Even by Zambian standards, this is not a wealthy school. Aisha occupies a tiny maze of concrete rooms in the middle of Ng’ombe, a high-density slum area in the suburbs of Lusaka, surrounded by box-like dwellings and brown dirt roads. The headmaster’s office is at the back of the maze, next to the toilets, which smell. It’s the Easter holidays, but random children are lurking in corners of the school for want of anywhere better to play.  

Aisha is one of a new breed of low-cost schools that have spread across Zambia in recent years: Ng’ombe alone has fifty-four of them. These ‘community schools’ are private enterprises which have sprung up to fill a gap in the market, in between Western-style private schools, which are way beyond the means of most local families, and the local government-run school, which is at the bottom of the pile . Whilst the government school is nominally free (though its school uniforms aren’t cheap), Aisha charges between $6 and $30 per pupil per term. Last year the fees were higher, the headmaster tells us, but this was more than parents could afford, and when chased for the money some responded by withdrawing their children from school.
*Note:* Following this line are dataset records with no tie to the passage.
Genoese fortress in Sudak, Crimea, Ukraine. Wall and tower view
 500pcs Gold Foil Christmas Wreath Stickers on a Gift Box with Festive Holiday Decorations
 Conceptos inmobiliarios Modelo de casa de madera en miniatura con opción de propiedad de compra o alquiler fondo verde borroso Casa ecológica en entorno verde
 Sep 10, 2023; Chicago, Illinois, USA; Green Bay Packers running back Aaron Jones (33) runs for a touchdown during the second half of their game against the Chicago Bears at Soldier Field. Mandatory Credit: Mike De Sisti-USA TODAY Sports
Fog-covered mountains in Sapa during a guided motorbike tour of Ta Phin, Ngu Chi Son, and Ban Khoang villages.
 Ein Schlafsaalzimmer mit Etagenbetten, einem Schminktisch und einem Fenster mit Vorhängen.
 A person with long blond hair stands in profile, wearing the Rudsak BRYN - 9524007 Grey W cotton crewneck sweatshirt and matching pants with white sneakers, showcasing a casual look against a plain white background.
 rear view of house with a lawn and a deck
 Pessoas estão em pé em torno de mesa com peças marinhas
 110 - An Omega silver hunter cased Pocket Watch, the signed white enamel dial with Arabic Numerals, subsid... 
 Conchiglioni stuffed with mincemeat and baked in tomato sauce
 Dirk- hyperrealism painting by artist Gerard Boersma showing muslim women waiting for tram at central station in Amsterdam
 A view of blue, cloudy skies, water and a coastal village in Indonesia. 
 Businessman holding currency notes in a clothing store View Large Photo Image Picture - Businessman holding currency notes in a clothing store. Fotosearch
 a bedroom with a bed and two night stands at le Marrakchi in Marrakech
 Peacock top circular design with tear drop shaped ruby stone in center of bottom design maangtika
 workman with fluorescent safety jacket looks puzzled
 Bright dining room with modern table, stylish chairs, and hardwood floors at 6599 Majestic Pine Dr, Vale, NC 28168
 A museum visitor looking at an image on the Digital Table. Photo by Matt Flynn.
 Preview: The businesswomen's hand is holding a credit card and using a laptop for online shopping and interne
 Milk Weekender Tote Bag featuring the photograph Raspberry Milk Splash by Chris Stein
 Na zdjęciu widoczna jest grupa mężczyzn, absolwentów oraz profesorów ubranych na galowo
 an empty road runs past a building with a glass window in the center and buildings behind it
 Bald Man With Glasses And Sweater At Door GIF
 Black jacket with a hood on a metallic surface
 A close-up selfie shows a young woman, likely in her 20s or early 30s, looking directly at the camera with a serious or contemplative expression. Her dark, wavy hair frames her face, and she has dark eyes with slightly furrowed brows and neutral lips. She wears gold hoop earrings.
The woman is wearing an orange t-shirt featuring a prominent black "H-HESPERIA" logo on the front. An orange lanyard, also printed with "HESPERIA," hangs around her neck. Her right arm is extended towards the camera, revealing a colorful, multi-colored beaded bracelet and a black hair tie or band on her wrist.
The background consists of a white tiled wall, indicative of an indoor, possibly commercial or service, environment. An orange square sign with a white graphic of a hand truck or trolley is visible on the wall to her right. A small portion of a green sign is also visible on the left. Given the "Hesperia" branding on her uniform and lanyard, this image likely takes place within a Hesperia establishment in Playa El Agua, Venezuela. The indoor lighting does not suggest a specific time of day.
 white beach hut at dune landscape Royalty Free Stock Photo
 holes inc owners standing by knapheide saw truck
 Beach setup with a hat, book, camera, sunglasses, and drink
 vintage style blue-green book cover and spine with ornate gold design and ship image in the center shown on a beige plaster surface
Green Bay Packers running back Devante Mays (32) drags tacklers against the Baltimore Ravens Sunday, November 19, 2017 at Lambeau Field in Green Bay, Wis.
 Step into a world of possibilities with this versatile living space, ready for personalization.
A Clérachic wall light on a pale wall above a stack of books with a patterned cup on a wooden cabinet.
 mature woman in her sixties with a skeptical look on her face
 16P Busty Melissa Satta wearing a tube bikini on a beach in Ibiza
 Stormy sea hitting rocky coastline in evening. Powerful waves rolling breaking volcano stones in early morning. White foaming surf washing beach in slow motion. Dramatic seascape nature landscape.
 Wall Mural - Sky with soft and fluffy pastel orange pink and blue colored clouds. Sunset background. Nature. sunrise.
Since the drop in fees, attendance has increased.  Aisha may be under-resourced, and virtually unregulated, but to parents it clearly offers value for money.

“Our pupils get good results,” the headmaster tells us proudly. “85% of them pass their exams.” He attributes this success to the fact that Aisha, unlike many community schools, uses only trained teachers.

“Do you find it hard to attract trained teachers to come and work here?” I ask.

“No, we get stacks of applicants this thick.” He separates his hands widely. “There are lots of college graduates looking for work.”

As a private enterprise, Aisha gets no money from the Zambian government. It must meet the cost of employing these teachers out of the small sums it earns in school fees.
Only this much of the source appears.